— WHAT YOU ARE ASKED TO DO —
Could you set down the records below exactly as they are, with no pictures?

(Captioned web images)
::::::::::
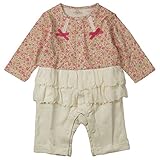 《H28年秋冬物》(日本製) Pample Mousse(パンプルムース) 接結フローラルPtチュールカバーオール 80cm/PK NO.DP-63555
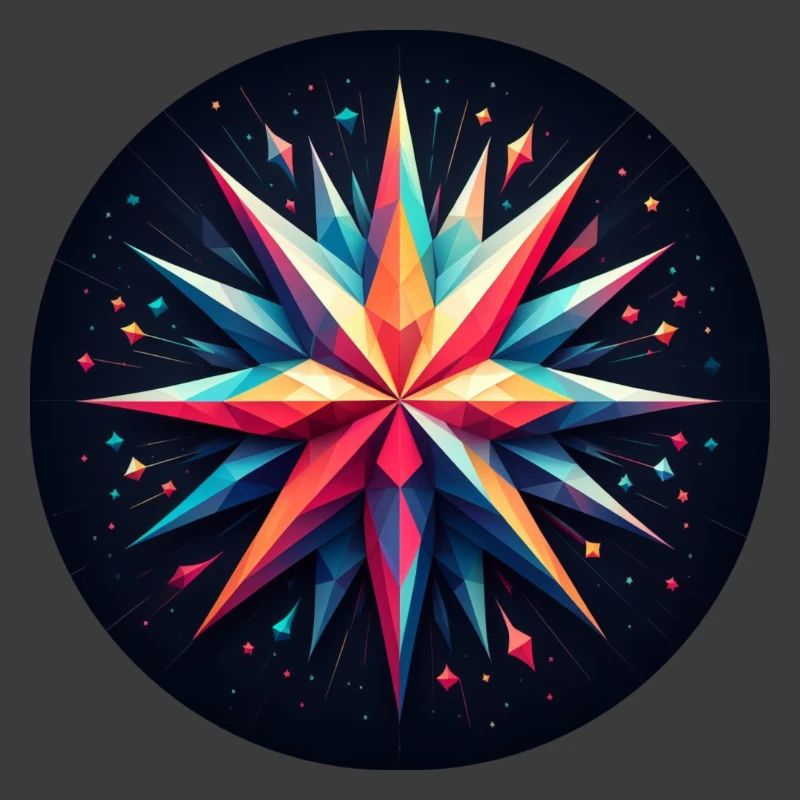 Polygon Stern bunt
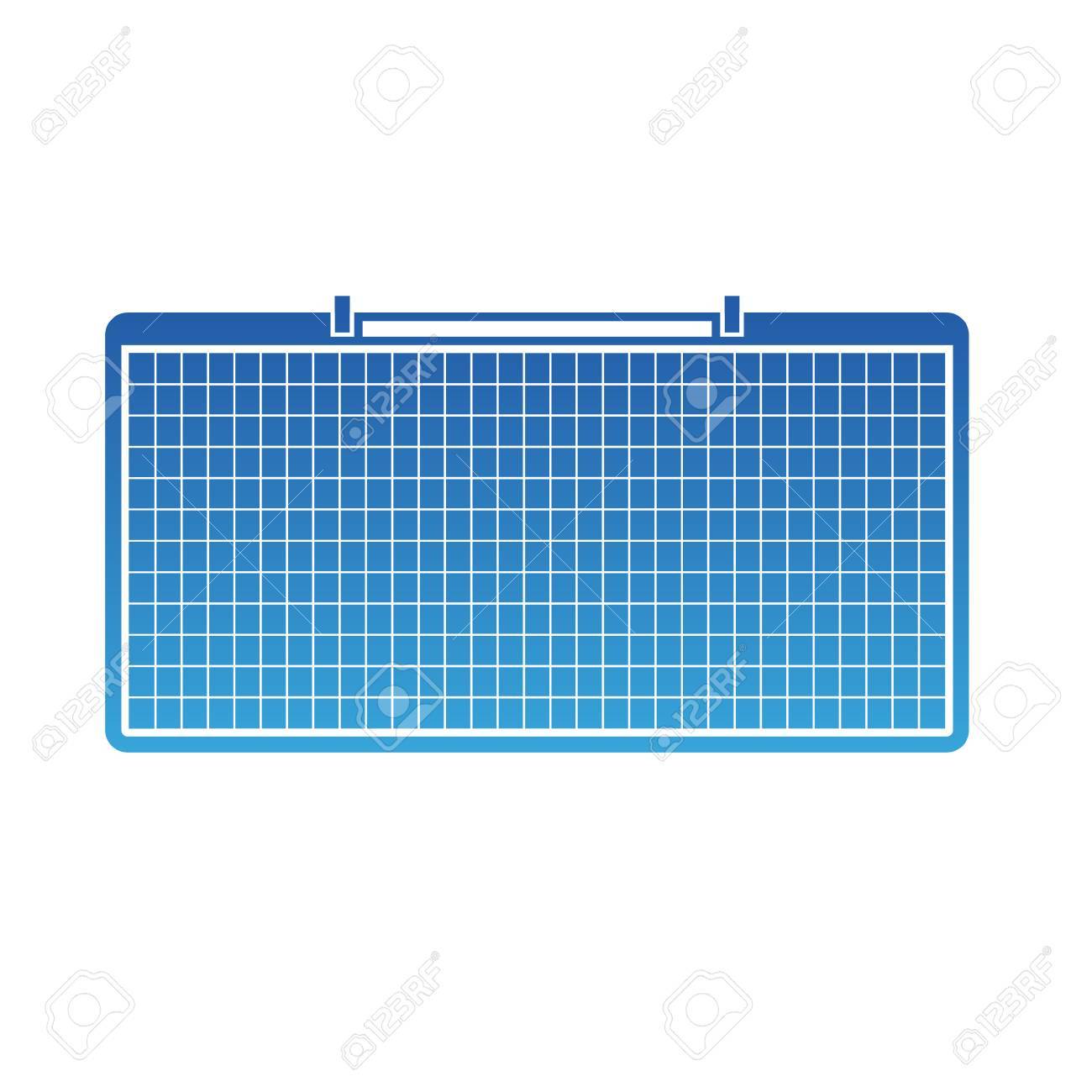 calendar agenda 365 days of year and space for 31 days for 12 months vector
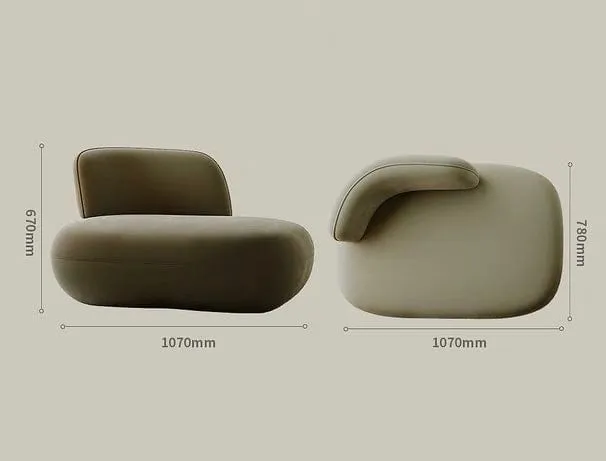 Orca Designer Curve Armchair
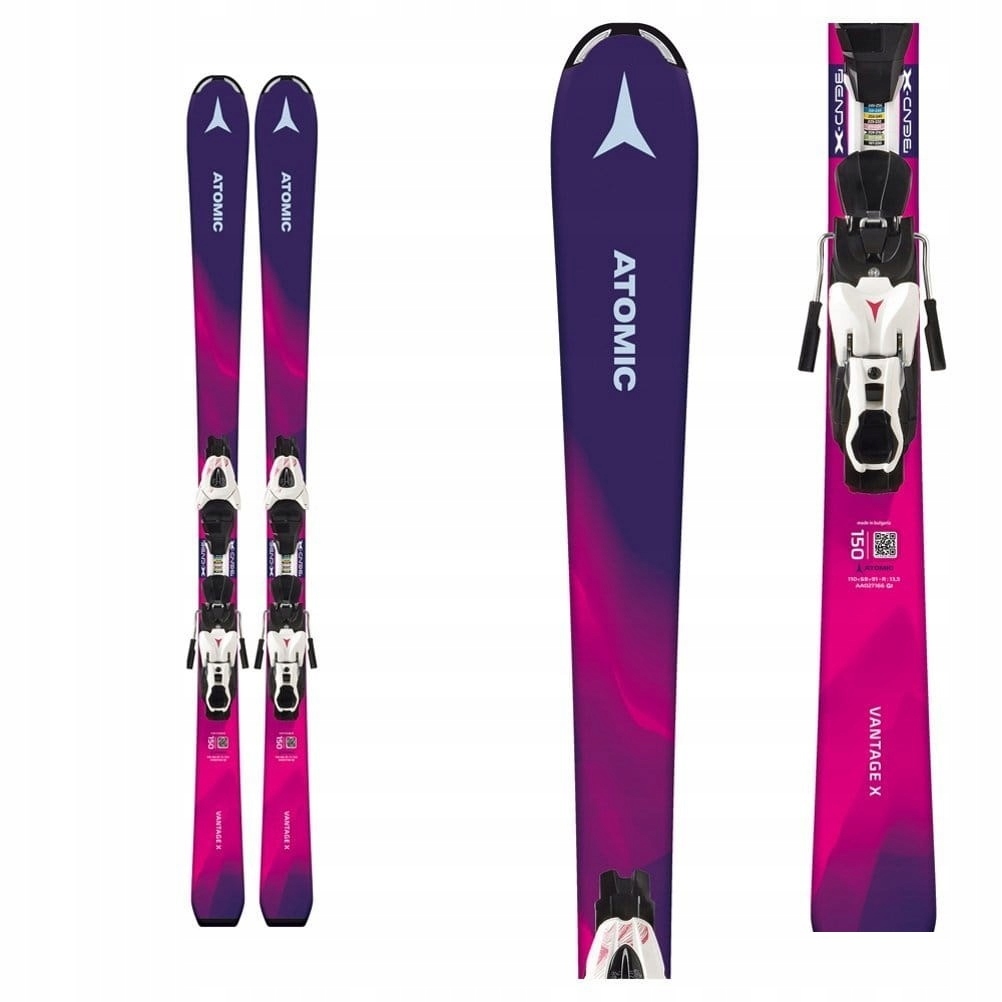 Narty Atomic Vantage X Dł. 140cm + Wiązania Atomic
::::::::::
— RESPONSE TO THIS TASK —
 《H28年秋冬物》(日本製) Pample Mousse(パンプルムース) 接結フローラルPtチュールカバーオール 80cm/PK NO.DP-63555
 Polygon Stern bunt
 calendar agenda 365 days of year and space for 31 days for 12 months vector
 Orca Designer Curve Armchair
 Narty Atomic Vantage X Dł. 140cm + Wiązania Atomic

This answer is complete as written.